Kids love to play outside but if there aren’t things for them to do out there it can quickly become boring. Rather than pack everyone up to go to a local park, my parents set things up so that the yard included favorite activities like swings and slides.
For the younger kids, this homemade slide built into the natural slope of the yard was an ingenious use of space. My dad put a piece of wood at the top of the hill and set it into the ground with anchors to hold it in place. He then bolted the top of the sled to that piece of wood. No risk of them falling from the top the way this is arranged!
Nearby is a bench for two that gets perpetual shade. Parents can watch while kids play ball or tag. Kids can sit outside and read. Siblings or cousins can sit and chat.
What you can’t tell from these pictures is that the trees attract a variety of birds and their whistling and tweets are beautiful background music to our time outside.
At the top of my parents’ property is a pond belonging to the neighbor. The pond is home to geese, ducks, and the occasional family of turkeys. A stream from the pond trickles down through my parents’ yard. The kids like to explore what might come floating by, look for tadpoles, and trample through the muddy edges. (Hence a mud room and extra boots stored just inside the back door….)

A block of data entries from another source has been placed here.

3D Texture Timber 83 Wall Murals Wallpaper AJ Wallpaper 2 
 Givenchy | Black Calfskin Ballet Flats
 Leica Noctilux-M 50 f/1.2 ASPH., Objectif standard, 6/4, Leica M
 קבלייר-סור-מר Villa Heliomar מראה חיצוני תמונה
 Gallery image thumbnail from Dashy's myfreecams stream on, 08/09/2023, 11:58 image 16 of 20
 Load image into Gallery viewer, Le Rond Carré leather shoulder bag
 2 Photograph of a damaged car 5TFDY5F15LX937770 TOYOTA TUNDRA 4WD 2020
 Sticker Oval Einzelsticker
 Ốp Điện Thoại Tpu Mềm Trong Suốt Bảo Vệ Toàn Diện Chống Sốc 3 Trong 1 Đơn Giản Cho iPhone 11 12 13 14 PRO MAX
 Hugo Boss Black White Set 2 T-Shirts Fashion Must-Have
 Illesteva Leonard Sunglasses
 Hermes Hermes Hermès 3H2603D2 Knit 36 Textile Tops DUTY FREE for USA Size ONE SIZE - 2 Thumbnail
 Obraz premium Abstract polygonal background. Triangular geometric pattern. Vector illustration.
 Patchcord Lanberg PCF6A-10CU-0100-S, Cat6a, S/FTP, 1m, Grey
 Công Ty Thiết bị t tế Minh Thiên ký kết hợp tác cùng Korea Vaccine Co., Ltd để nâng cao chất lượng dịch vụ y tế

A bridge across the stream came with the property. It’s hidden from view by a crop of trees and bushes. The grandchildren have to walk around towards the back of the property and loop through the trees to find the path to the bridge. The path is a haven for acorns and pine cones that get stashed in pockets and little, plastic buckets.
For the grandkids that wander back through the path to the bridge there’s a funny surprise – a tree with a smiling face. When Mr. Tree showed up one day some of the younger kids weren’t sure what to think but they’ve since grown to admire their little friend.
This swing set and fort came as a kit that my dad and brothers assembled on a slight hill at the back of the property. If you’re sitting on either the back patio or the deck off the main floor you can’t see the set through the trees but there’s another bench up there so parents and grandparents alike can monitor the younger children as they climb, swing, slide, and call to each other from the covered fort.
The entire property is surrounded with trees that grow in thick and green during the spring and summer. As a child, I loved to climb one we had on our property and sit and read for hours. The boys, however, simply like the thrill of mastering the up and down.
A large tree near the swing set was just begging to be climbed. So that they could do that safely, my parents attached plastic climbing hand and footholds to the base.
Some of the trees have low branches that hover over the ground while others are taller and leave enough room to walk below them. Between the surrounding bushes, natural arches have formed throughout the backyard and the kids will race each other through paths they’ve developed over time and rush through the shaded arches in a game of tag.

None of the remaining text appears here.